Requirement
An exact reproduction of the data below is expected, free of images.

Information shown
+++

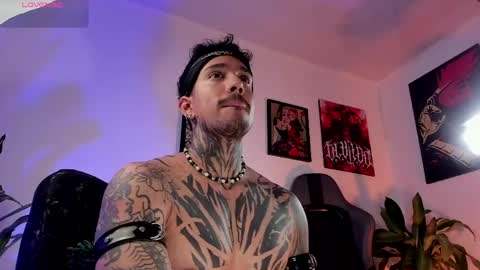 Snapshot of tigerstripes_ chatting on 8, 5, 2026 Chris online show from 8, 5, 2026
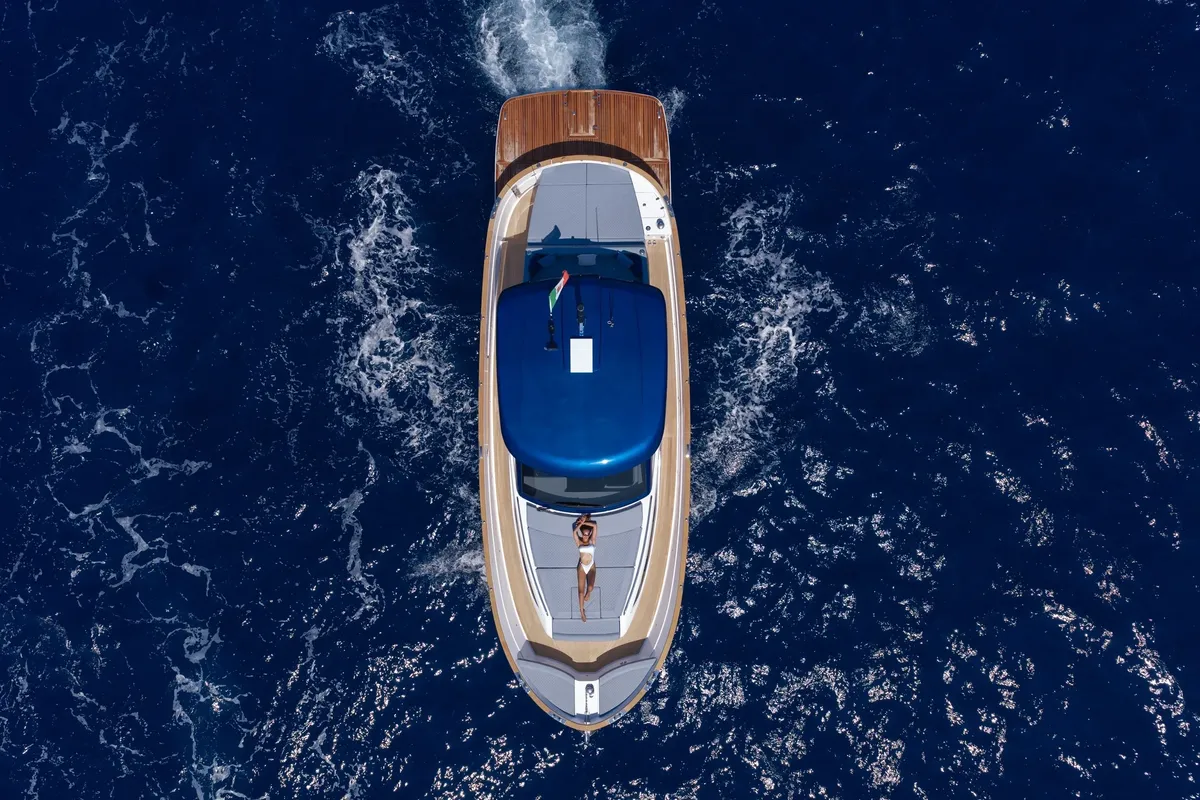 Apreamare Gozzo 42: Luchtfoto boot varend op zee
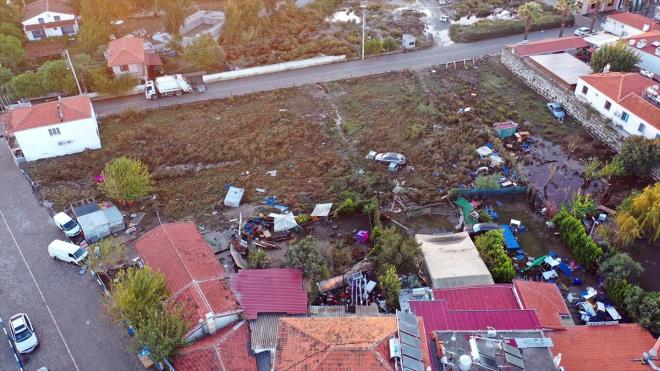 6.6 iddetinde meydana gelen depremin ardndan zmir&#8217;in Seferihisar ilesi Sack Mahallesi&#8217;ndeki tsunami sonras blge havadan grntlendi.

+++

Answer section
 Snapshot of tigerstripes_ chatting on 8, 5, 2026 Chris online show from 8, 5, 2026
 Apreamare Gozzo 42: Luchtfoto boot varend op zee
 6.6 iddetinde meydana gelen depremin ardndan zmir&#8217;in Seferihisar ilesi Sack Mahallesi&#8217;ndeki tsunami sonras blge havadan grntlendi.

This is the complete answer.